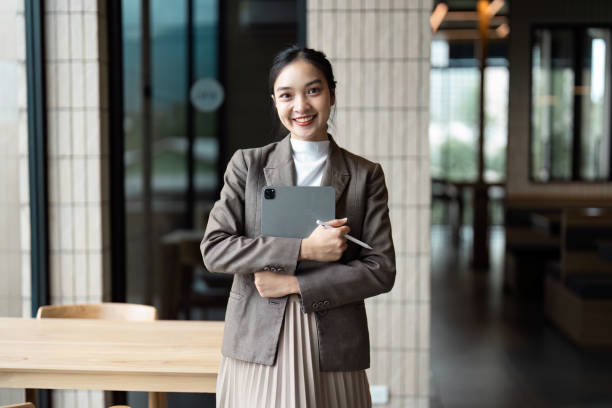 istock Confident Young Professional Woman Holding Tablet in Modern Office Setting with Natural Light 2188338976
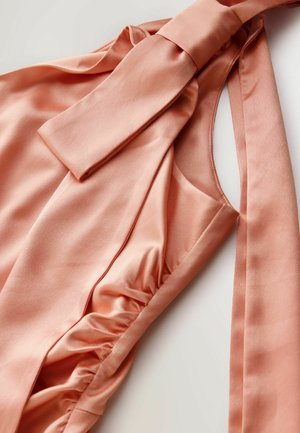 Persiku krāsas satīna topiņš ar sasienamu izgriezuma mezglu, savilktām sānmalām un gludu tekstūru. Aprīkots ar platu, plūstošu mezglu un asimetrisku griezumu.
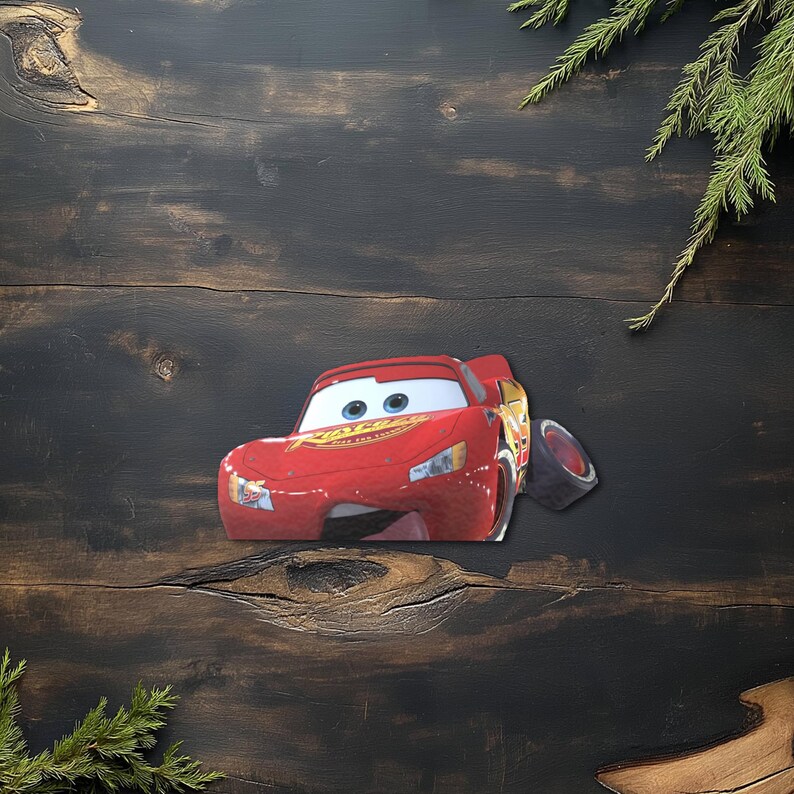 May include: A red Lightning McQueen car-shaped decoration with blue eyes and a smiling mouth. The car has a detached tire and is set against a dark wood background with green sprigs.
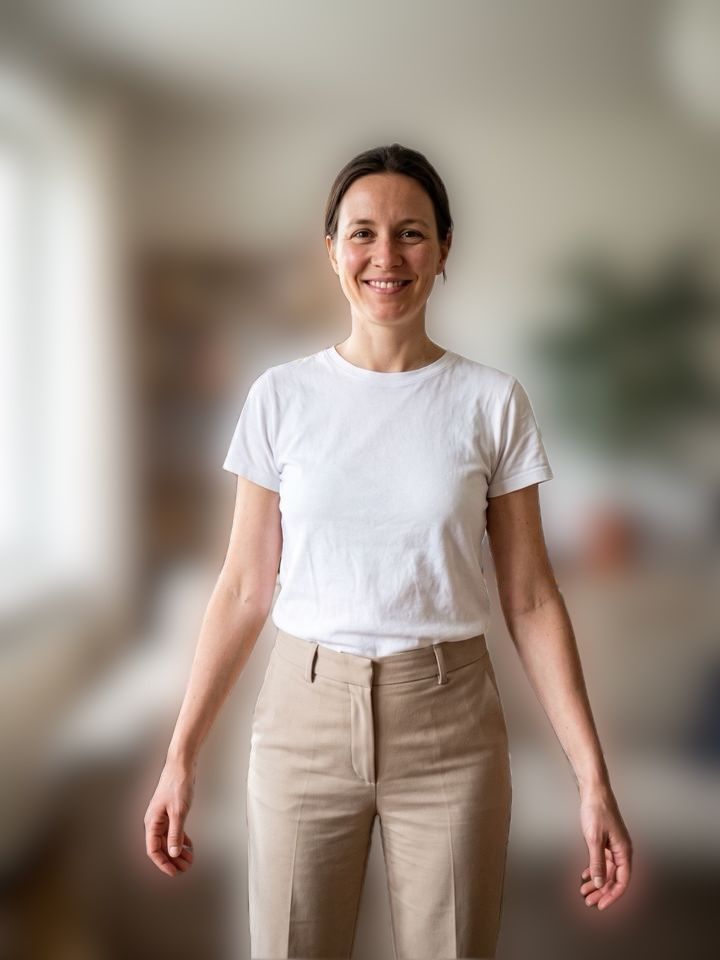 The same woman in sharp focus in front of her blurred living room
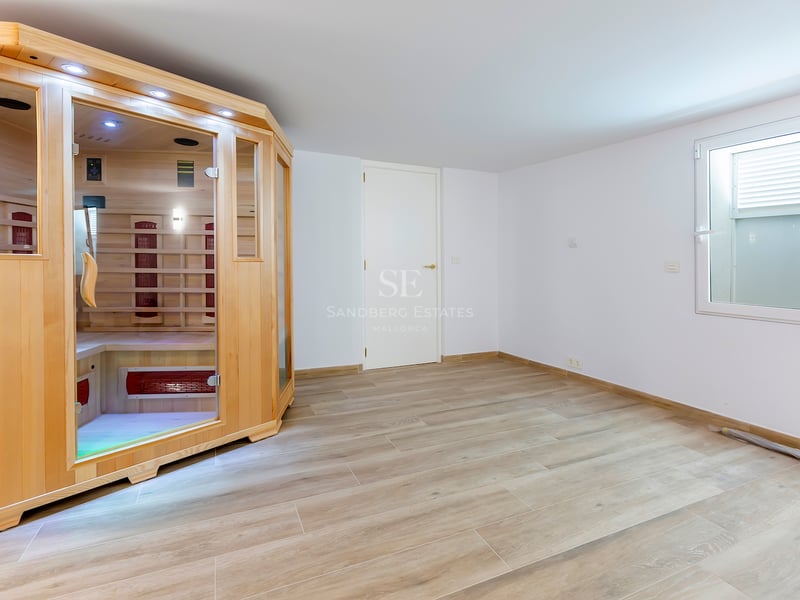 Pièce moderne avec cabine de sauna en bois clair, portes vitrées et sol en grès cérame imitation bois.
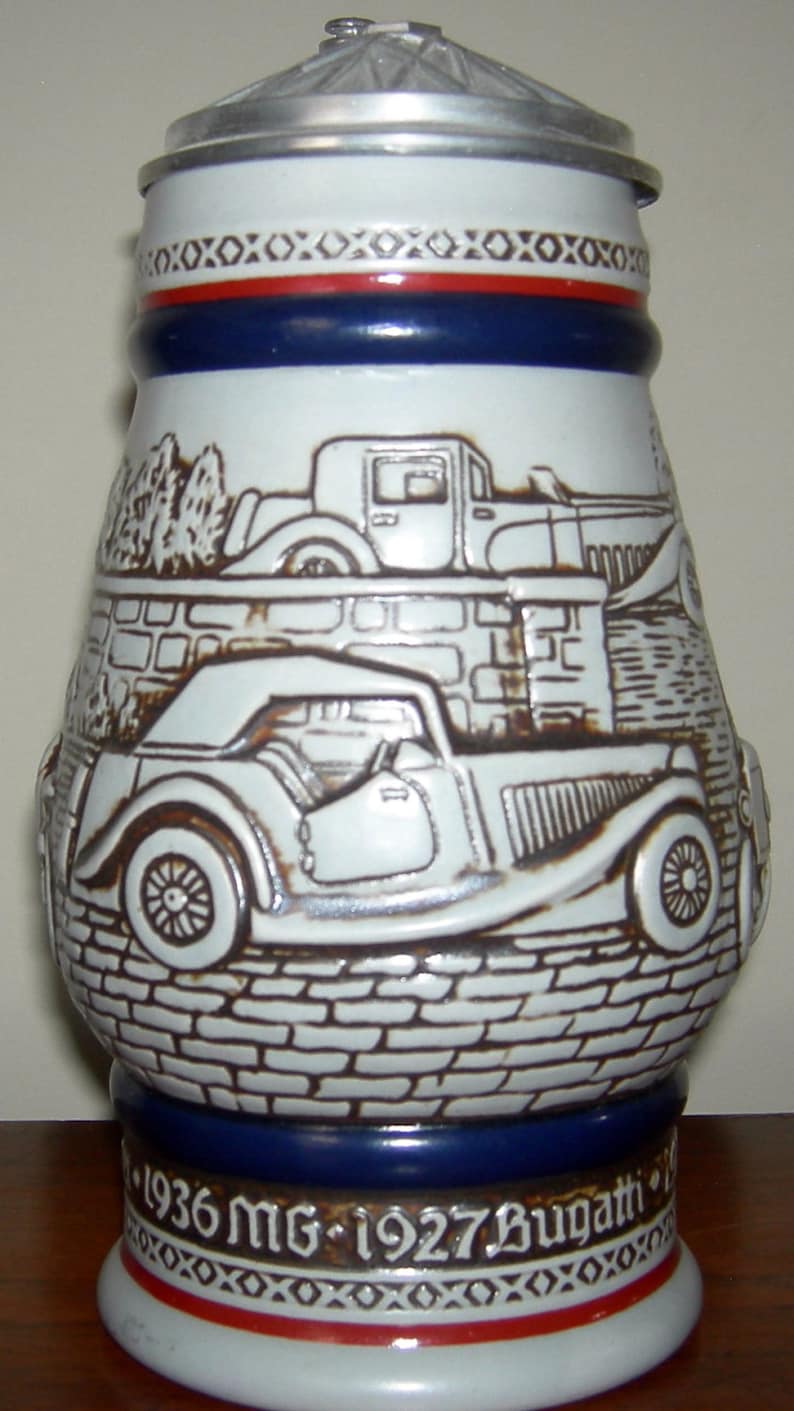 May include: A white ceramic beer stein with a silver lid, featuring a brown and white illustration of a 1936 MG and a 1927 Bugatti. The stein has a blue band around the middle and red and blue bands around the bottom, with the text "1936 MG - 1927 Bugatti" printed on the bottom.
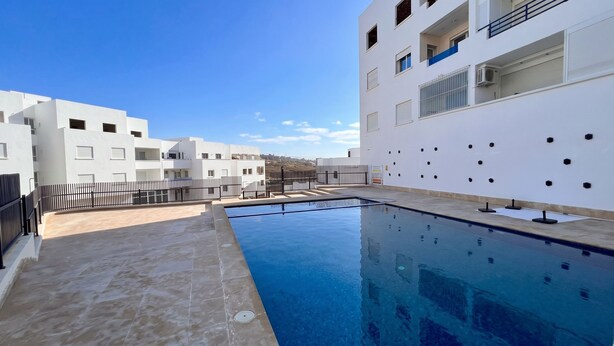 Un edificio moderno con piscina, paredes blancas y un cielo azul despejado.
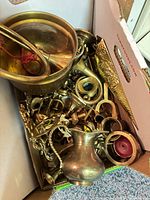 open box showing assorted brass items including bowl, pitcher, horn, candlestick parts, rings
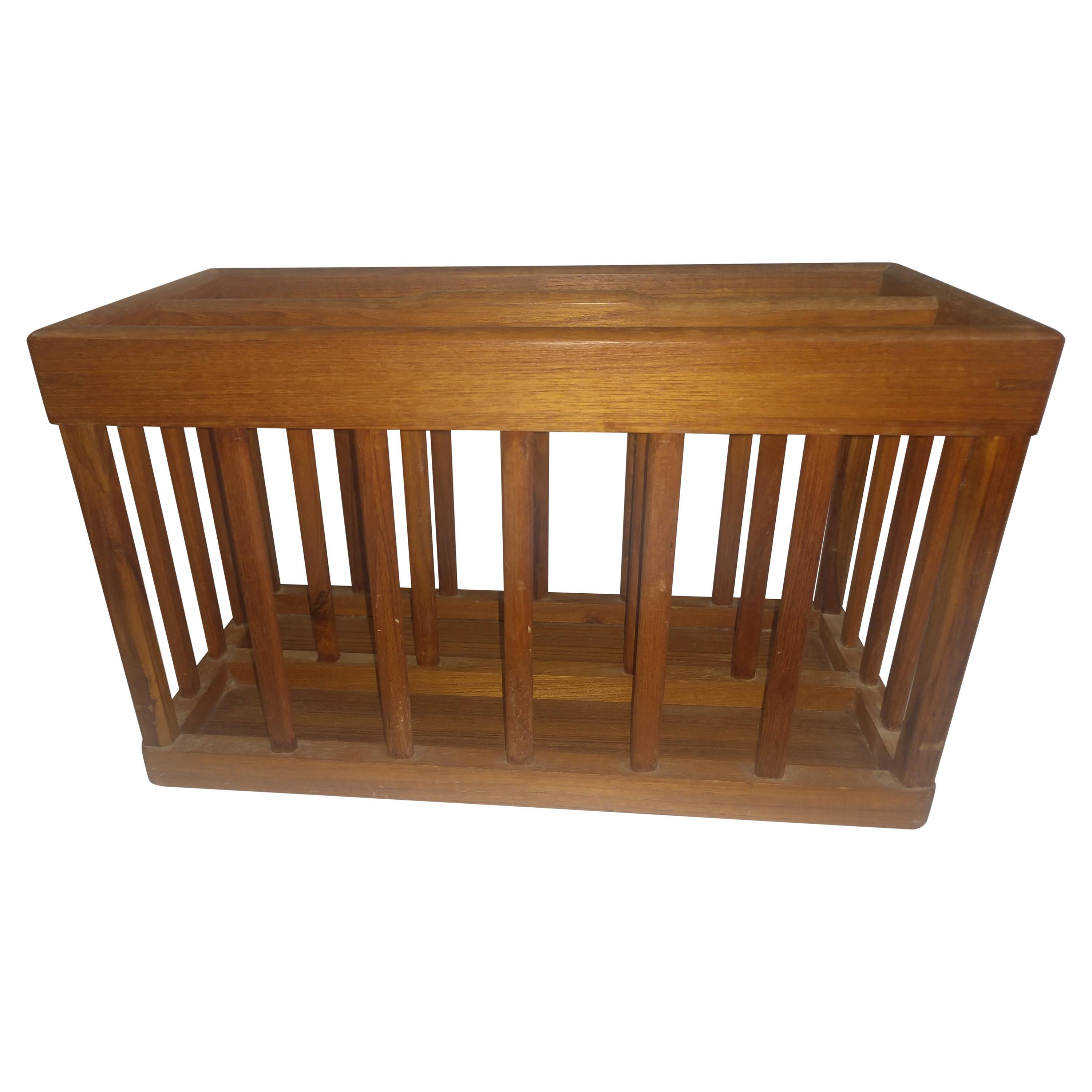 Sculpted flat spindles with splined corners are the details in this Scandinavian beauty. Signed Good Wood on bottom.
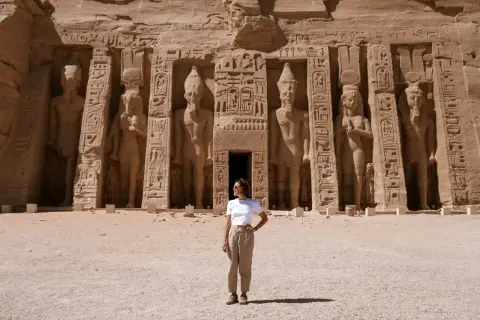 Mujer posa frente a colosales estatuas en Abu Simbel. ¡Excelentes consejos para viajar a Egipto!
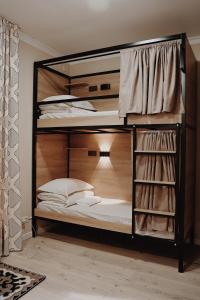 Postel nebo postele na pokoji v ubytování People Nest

■ **WHAT NEEDS TO BE DONE**
All that should be printed is the run of lines above from the one with "May include: A red" through the one with "Un edificio moderno", both included, exactly as given, with pictures left out.

■ **ANSWER TO THE PROBLEM**
 May include: A red Lightning McQueen car-shaped decoration with blue eyes and a smiling mouth. The car has a detached tire and is set against a dark wood background with green sprigs.
 The same woman in sharp focus in front of her blurred living room
 Pièce moderne avec cabine de sauna en bois clair, portes vitrées et sol en grès cérame imitation bois.
 May include: A white ceramic beer stein with a silver lid, featuring a brown and white illustration of a 1936 MG and a 1927 Bugatti. The stein has a blue band around the middle and red and blue bands around the bottom, with the text "1936 MG - 1927 Bugatti" printed on the bottom.
 Un edificio moderno con piscina, paredes blancas y un cielo azul despejado.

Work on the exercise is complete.